Saved data entries
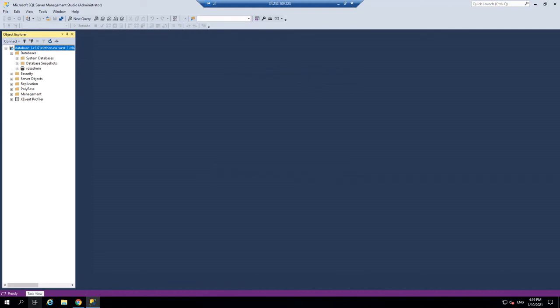So this tutorial, how to set up SQL server RDS on AWS. If you really have any issues, please do comment below. And if I can help, I certainly will. And if this was helpful, please do like and subscribe. And as always, thank you for watching.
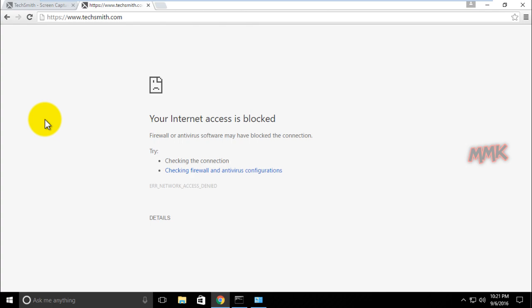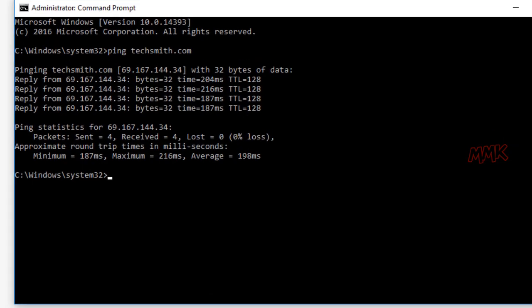As you see, I can't access the website anymore. The IP address has been blocked successfully.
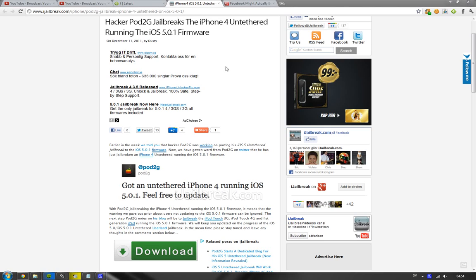Hey guys, let's give you a quick jailbreak status update on iOS 5.0.1 untethered jailbreak that hopefully will be available for both the iPhone 4S and the iPhone 2, and obviously the previous generations like the iPhone 4.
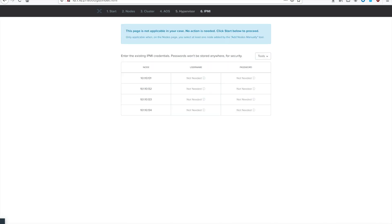The last step before hitting the big green button is to identify the IPMI information. Since my hosts were auto-discovered, it already knows what the username and passwords are. If you are not using NX hardware, if you're using something else, or if you do not use the default Supermicro passwords, go ahead and input the information there.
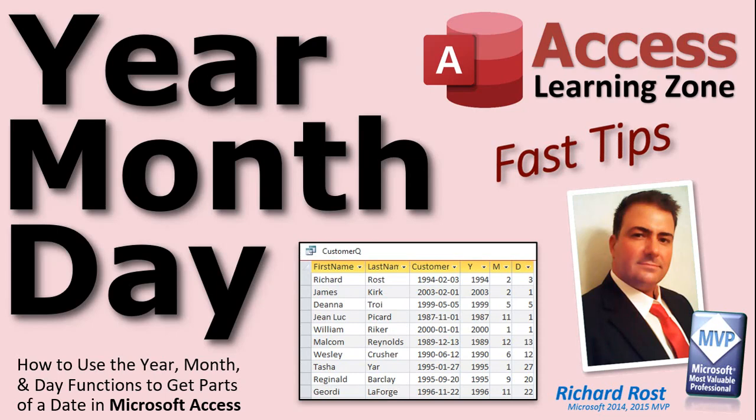Welcome to another Fast Tips video brought to you by AccessLearningZone.com. I am your instructor, Richard Rost. In today's video, we're going to talk about the year, month, and day functions and how to use them to get parts of a date in Microsoft Access.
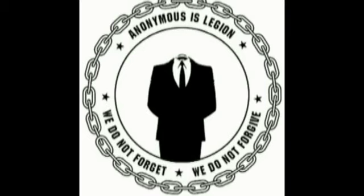The heroic fight with us. The honest support us. The corrupt fear us, for we are Anonymous. We are Legion. We do not forget. We do not forgive. Expect us to expose you.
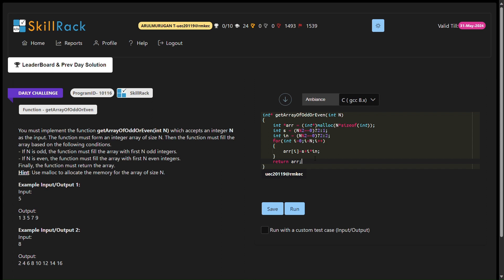We are tasked with implementing a function named getArrayOfOddOrEven that takes an integer n as input and generates an array based on certain conditions. Function getArrayOfOddOrEven in n. The conditions are straightforward.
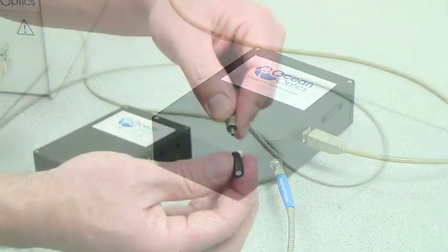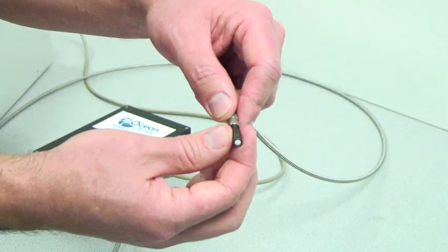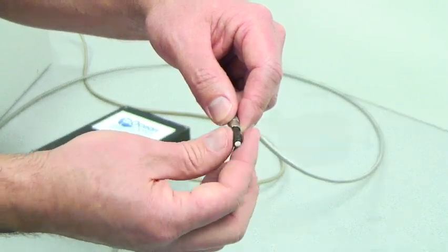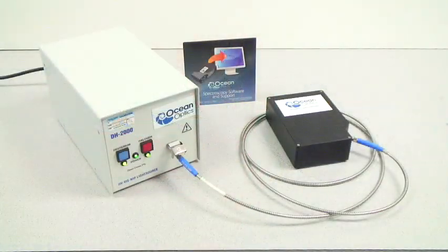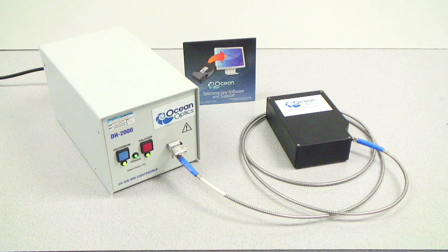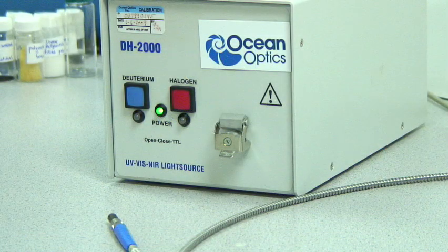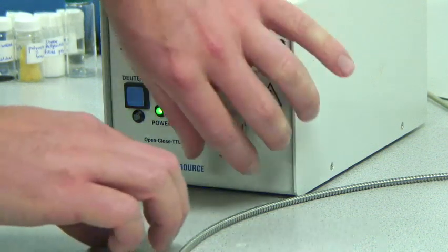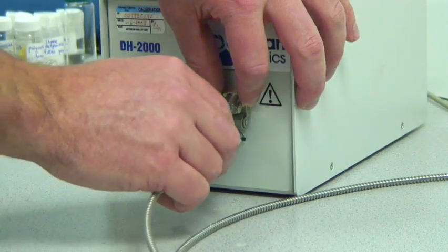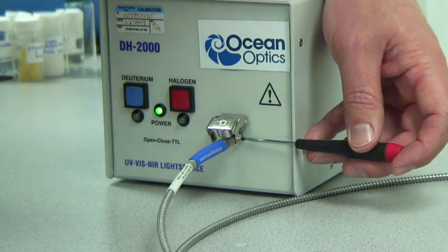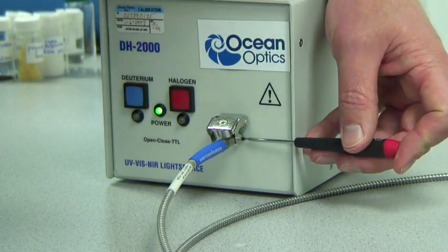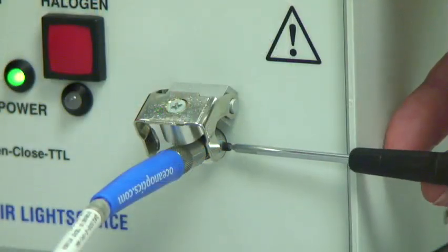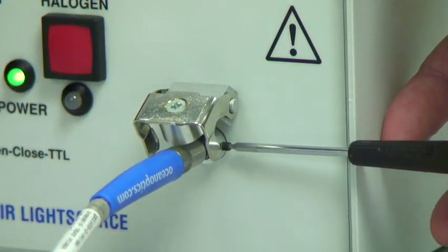Connect the other end of the patch cable to the cosine corrector. Remember that once connected, the entire system must remain intact for the calibration to stay valid. Insert the cosine corrector into the port on the front panel of your light source. Make sure that the cosine corrector slides all the way into the port on the light source and then retighten the set screw.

AIM OF THE TASK: A faithful, complete copy of the entries is required, without the pictures.

ANSWER SPACE:
So this tutorial, how to set up SQL server RDS on AWS. If you really have any issues, please do comment below. And if I can help, I certainly will. And if this was helpful, please do like and subscribe. And as always, thank you for watching.
As you see, I can't access the website anymore. The IP address has been blocked successfully.
Hey guys, let's give you a quick jailbreak status update on iOS 5.0.1 untethered jailbreak that hopefully will be available for both the iPhone 4S and the iPhone 2, and obviously the previous generations like the iPhone 4.
The last step before hitting the big green button is to identify the IPMI information. Since my hosts were auto-discovered, it already knows what the username and passwords are. If you are not using NX hardware, if you're using something else, or if you do not use the default Supermicro passwords, go ahead and input the information there.
Welcome to another Fast Tips video brought to you by AccessLearningZone.com. I am your instructor, Richard Rost. In today's video, we're going to talk about the year, month, and day functions and how to use them to get parts of a date in Microsoft Access.
The heroic fight with us. The honest support us. The corrupt fear us, for we are Anonymous. We are Legion. We do not forget. We do not forgive. Expect us to expose you.
We are tasked with implementing a function named getArrayOfOddOrEven that takes an integer n as input and generates an array based on certain conditions. Function getArrayOfOddOrEven in n. The conditions are straightforward.
Connect the other end of the patch cable to the cosine corrector. Remember that once connected, the entire system must remain intact for the calibration to stay valid. Insert the cosine corrector into the port on the front panel of your light source. Make sure that the cosine corrector slides all the way into the port on the light source and then retighten the set screw.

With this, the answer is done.